A 01 de agosto de 2024, entrará em vigor o Regulamento da Inteligência Artificial (IA), que vem estabelecer, a nível europeu, a primeira regulação relacionada com a inteligência artificial e seus riscos.

Há muito que o mundo vem sendo assoberbado e diariamente confrontado com sistemas de inteligência artificial, os quais podem ser bem ou mal utilizados. Para que se saiba discernir quando estamos a dominar estes sistemas de quando somos dominados por eles, procurou-se regulamentar a utilização dos mesmos consoante os respetivos níveis de risco.

Por outras palavras, o regulamento procura antecipar os riscos de utilização dos sistemas de IA, sendo que, a partir dessa avaliação, dirá quais as obrigações que impendem sobre os utilizadores. Claro que, quanto maior o risco, maiores serão as obrigações e cuidados a ter.

E esta regulamentação impôs-se porque, por um lado, ouvimos recorrentemente preocupações sérias e legítimas acerca dos limites e potencialidades da IA e, por outro, assistimos frequentemente a algum ceticismo e resistência à IA. Mas a verdade é que os sistemas de IA vieram para ficar e serão parte da sociedade, não sendo o mundo corporativo e o mercado de trabalho exceção. E nada melhor do que a regulação para tornar algo mais fiável.

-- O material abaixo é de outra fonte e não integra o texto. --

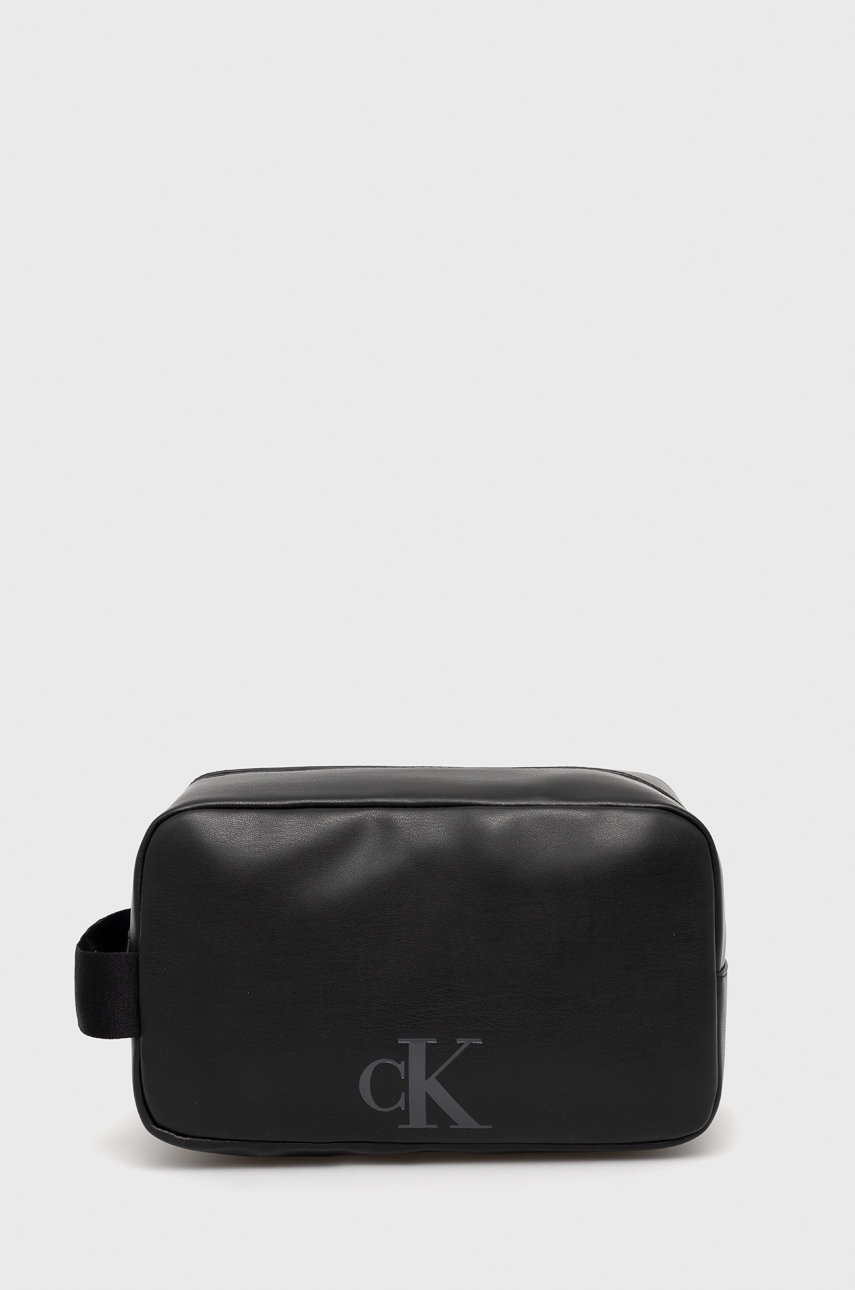 

Козметична чанта Calvin Klein Jeans в черно, Черен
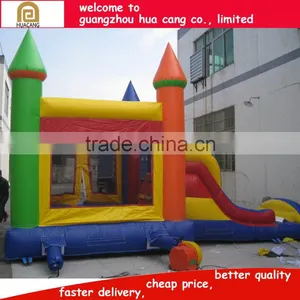 Multicolor Castle Shape Inflatable Bouncer thumbnail-2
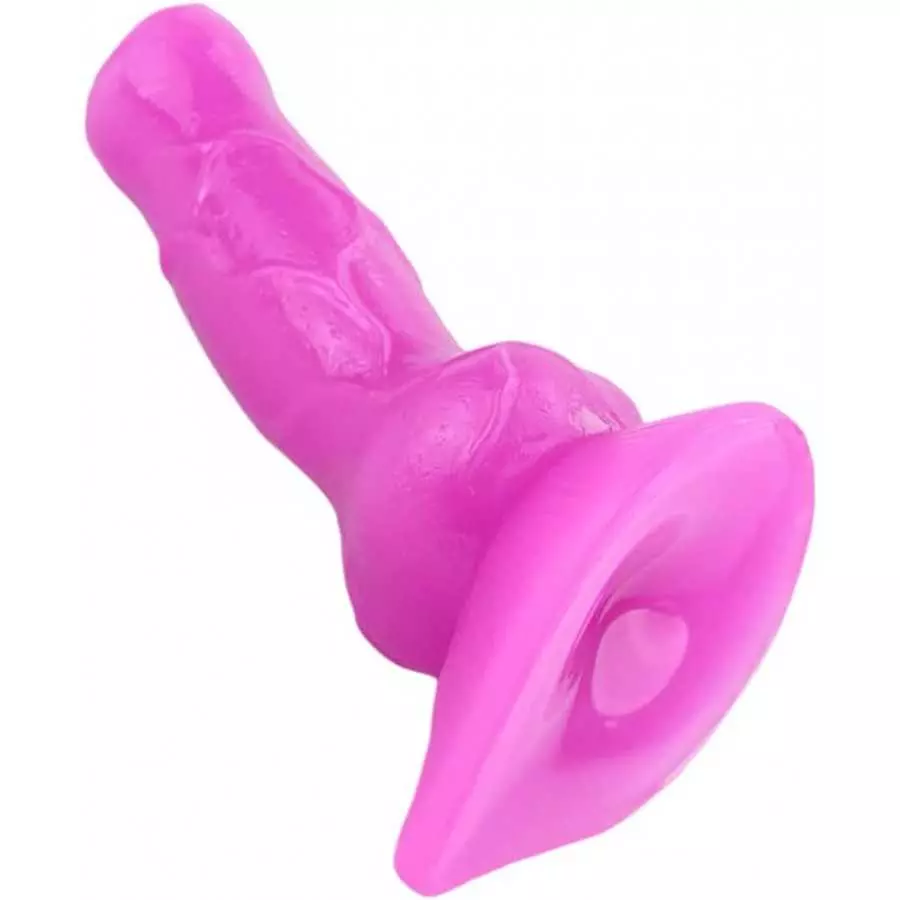 Romi Animal Penis 7.3" Realistic Wolf Dildo Big Size Cock Anal Plugs Artificial Sex Toys (Black)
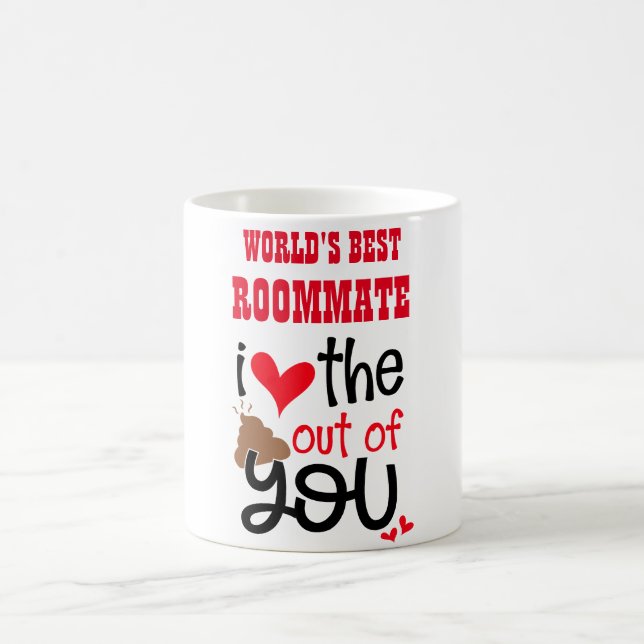 Weltet BEST ROOMMATE - Liebe Der POO aus Ihrer TAS Kaffeetasse (Mittel)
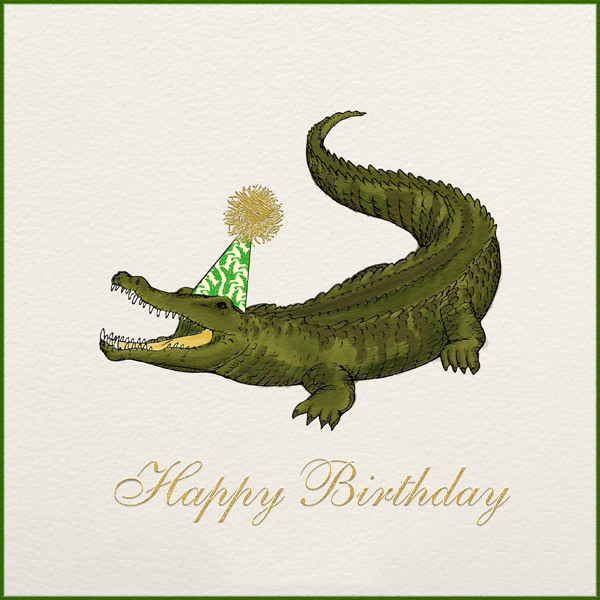 Crocodile Birthday | Send online instantly | Track opens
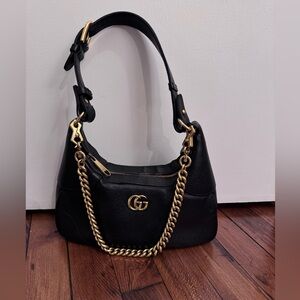 Gucci Goatskin Aphrodite Shoulder Bag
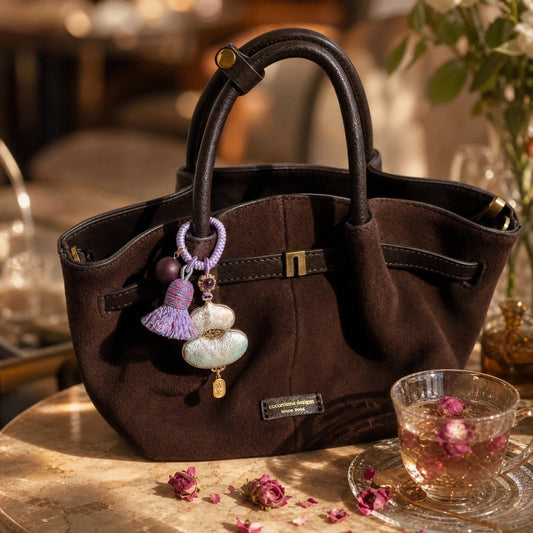 HERBAL SCENT Rose-Scented Fortune-Attracting Purple Gourd Bag Charm — photo 2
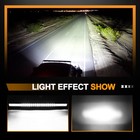 15 20 24 28 33 42 48  Dual Row Led Light Bar Spot Flood Combo Offroad Truck 4wd
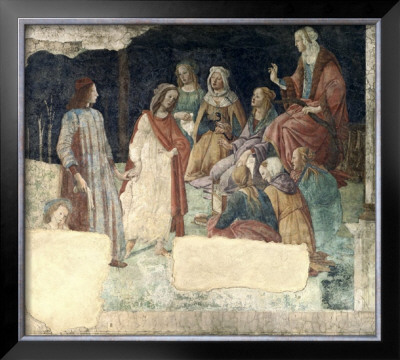 Young Man Is Greeted By The Liberal Arts by Sandro Botticelli Pricing Limited Edition Print image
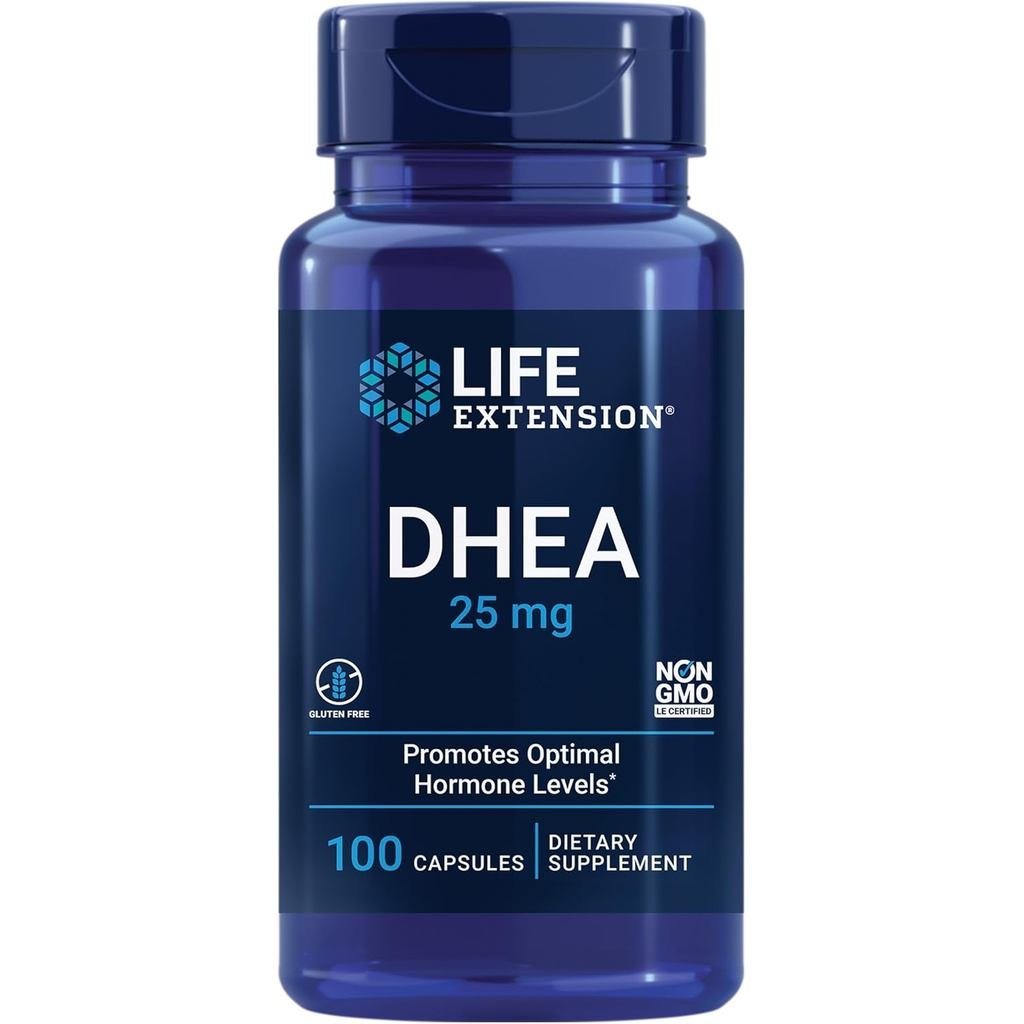 Life Extension Lithium Battery 1000 mcg and DHEA 25 mg - Brain health、Anti-Aging、Longevity、Immune an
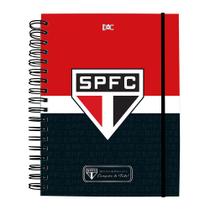 Caderno Smart Folha Reposicionável São Paulo Fl Grossa SPFC
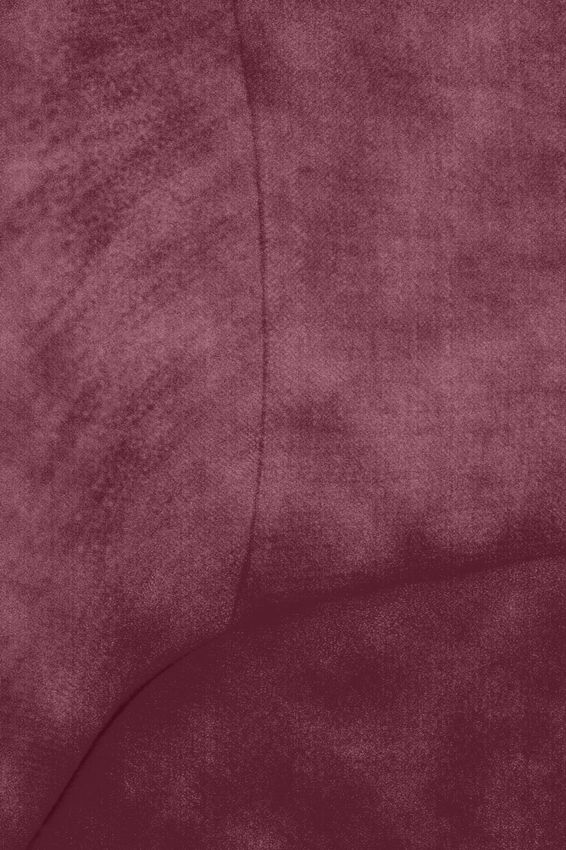 Empress velvet 4-zits bank Juke wine red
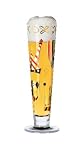 Pilsner Beer Glass, Lighthouse, Designer Color Enamel Beer Glass w/ Coaster in Gift Box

Assim, duas perguntas se impõem: 1. O que é o ‘’AI ACT’’ na perspetiva laboral?; 2. O que implica, em termos de deveres e obrigações para o empregador, no âmbito das relações laborais?

 

  1. Na perspetiva laboral, o Regulamento de IA propõe-se a analisar a utilização de sistemas de IA nas relações de trabalho desde o processo de recrutamento e seleção até ao termo do vínculo laboral. A partir dessa análise e avaliação de risco da utilização dos sistemas de IA, o Regulamento visa proteger tanto o empregador, quanto o trabalhador de práticas consideradas abusivas e de utilização desviante dos sistemas, nomeadamente através de medidas como:

a) Proibição da utilização de sistemas de categorização biométrica que classifiquem individualmente as pessoas com base na sua biometria para deduzir ou inferir dados sensíveis, como sejam a raça, a filiação sindical, as convicções religiosas ou filosóficas, ou a orientação sexual;

b) Proibição da utilização de sistemas de IA concebidos para reconhecer emoções nos locais de trabalho.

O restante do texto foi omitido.